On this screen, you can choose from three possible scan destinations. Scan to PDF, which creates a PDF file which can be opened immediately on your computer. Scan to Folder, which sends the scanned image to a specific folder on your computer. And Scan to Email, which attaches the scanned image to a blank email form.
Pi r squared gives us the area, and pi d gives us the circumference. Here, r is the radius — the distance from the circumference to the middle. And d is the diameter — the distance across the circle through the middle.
--
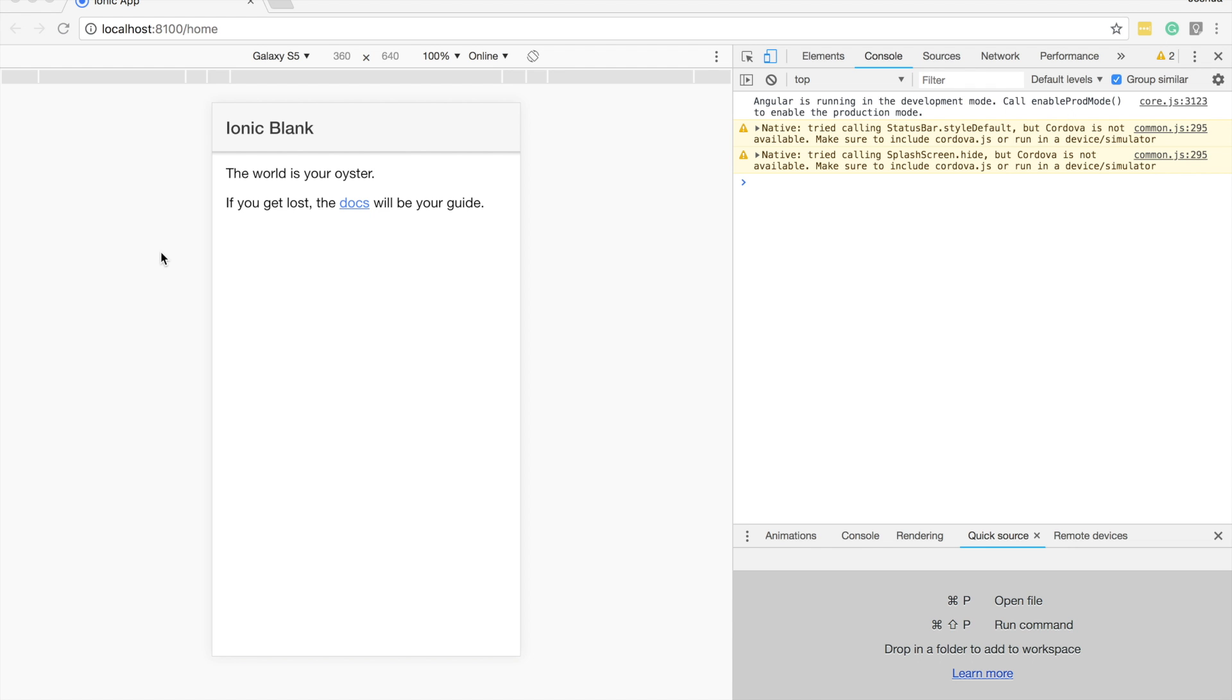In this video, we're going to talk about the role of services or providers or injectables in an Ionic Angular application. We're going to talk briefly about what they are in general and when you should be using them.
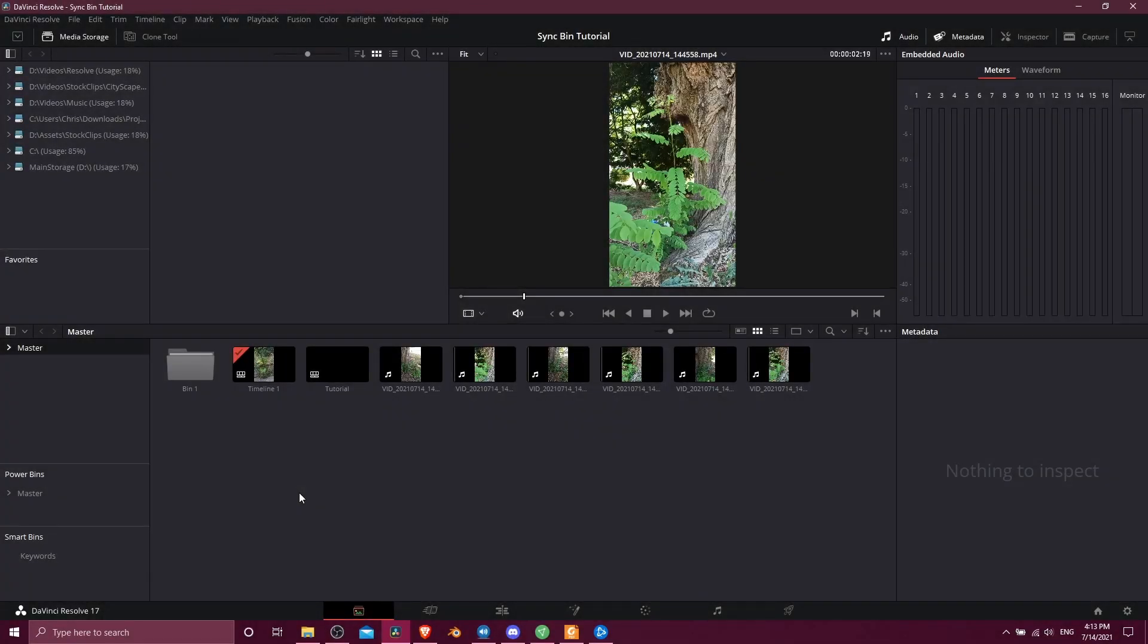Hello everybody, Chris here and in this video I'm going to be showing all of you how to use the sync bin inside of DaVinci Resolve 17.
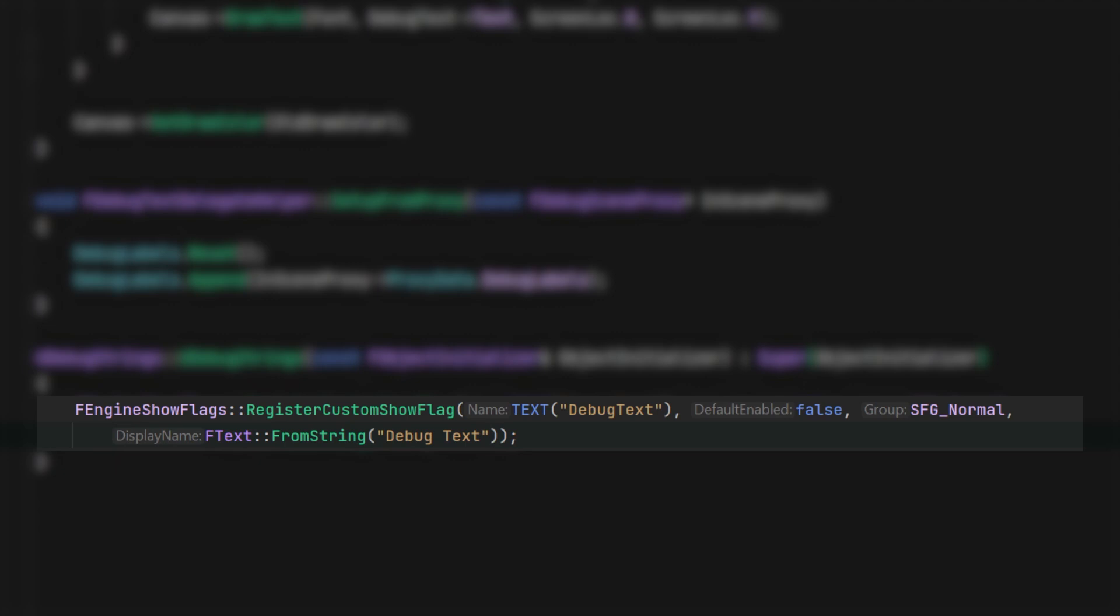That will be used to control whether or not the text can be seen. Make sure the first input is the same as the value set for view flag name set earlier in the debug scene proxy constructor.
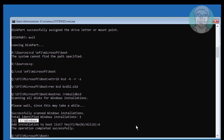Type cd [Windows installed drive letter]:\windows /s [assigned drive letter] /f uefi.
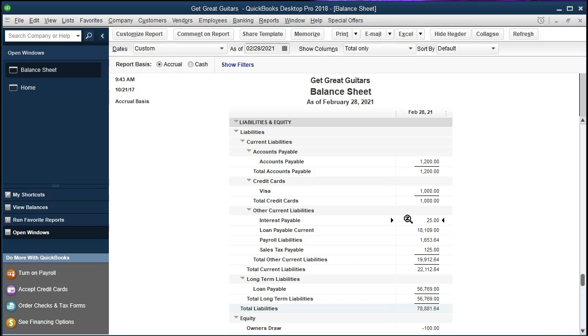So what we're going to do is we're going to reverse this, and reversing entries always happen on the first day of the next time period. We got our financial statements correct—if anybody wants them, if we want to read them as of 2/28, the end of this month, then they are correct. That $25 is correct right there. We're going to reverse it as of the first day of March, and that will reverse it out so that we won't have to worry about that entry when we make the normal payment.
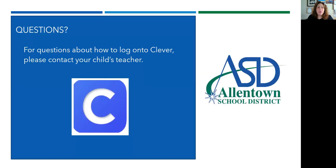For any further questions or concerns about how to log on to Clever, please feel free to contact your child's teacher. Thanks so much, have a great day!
--
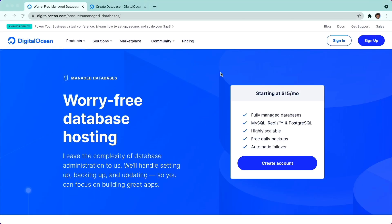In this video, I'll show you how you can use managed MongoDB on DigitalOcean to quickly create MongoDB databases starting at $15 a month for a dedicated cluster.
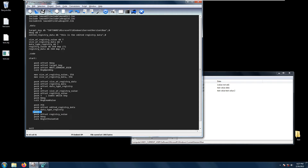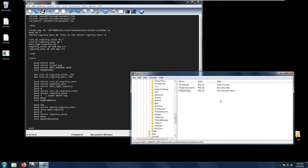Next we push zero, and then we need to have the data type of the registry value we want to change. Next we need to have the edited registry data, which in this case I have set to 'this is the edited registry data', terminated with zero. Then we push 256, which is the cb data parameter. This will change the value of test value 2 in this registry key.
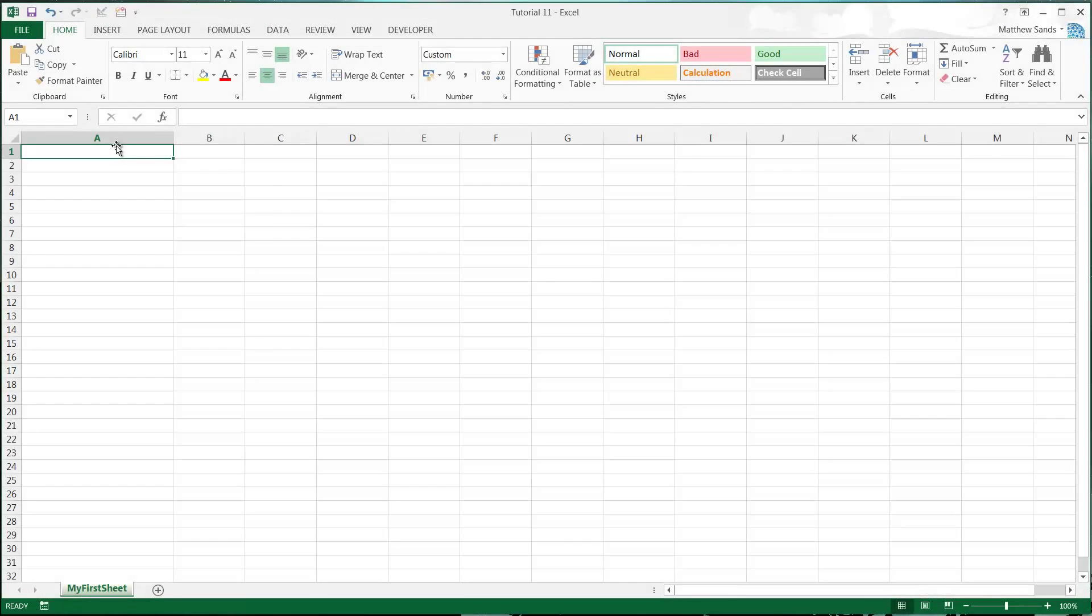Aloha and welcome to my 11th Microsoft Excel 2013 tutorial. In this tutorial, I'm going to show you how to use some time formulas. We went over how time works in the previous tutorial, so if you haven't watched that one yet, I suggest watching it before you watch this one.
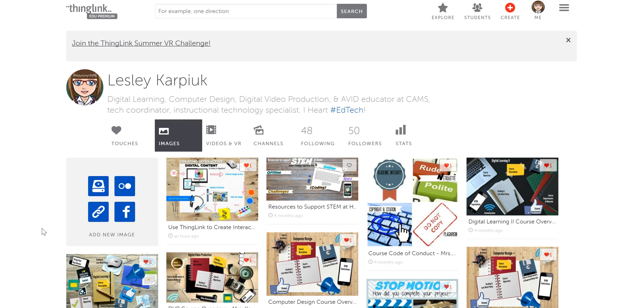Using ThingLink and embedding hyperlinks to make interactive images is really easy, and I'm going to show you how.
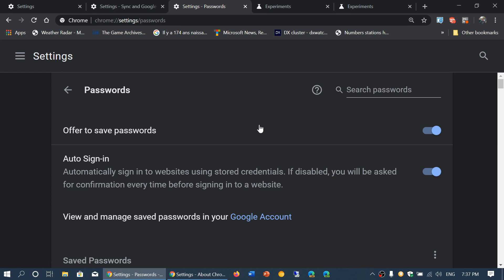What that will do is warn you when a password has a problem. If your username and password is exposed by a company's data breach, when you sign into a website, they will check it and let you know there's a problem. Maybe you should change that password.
--
- _TASK DIRECTIONS_: In the listing above, find the line with "In this video, I'll" and output it and every line after it up to and including the line with "What that will", exactly, minus the pictures.

- _REPLY TO THE EXERCISE_:
In this video, I'll show you how you can use managed MongoDB on DigitalOcean to quickly create MongoDB databases starting at $15 a month for a dedicated cluster.
Next we push zero, and then we need to have the data type of the registry value we want to change. Next we need to have the edited registry data, which in this case I have set to 'this is the edited registry data', terminated with zero. Then we push 256, which is the cb data parameter. This will change the value of test value 2 in this registry key.
Aloha and welcome to my 11th Microsoft Excel 2013 tutorial. In this tutorial, I'm going to show you how to use some time formulas. We went over how time works in the previous tutorial, so if you haven't watched that one yet, I suggest watching it before you watch this one.
Using ThingLink and embedding hyperlinks to make interactive images is really easy, and I'm going to show you how.
What that will do is warn you when a password has a problem. If your username and password is exposed by a company's data breach, when you sign into a website, they will check it and let you know there's a problem. Maybe you should change that password.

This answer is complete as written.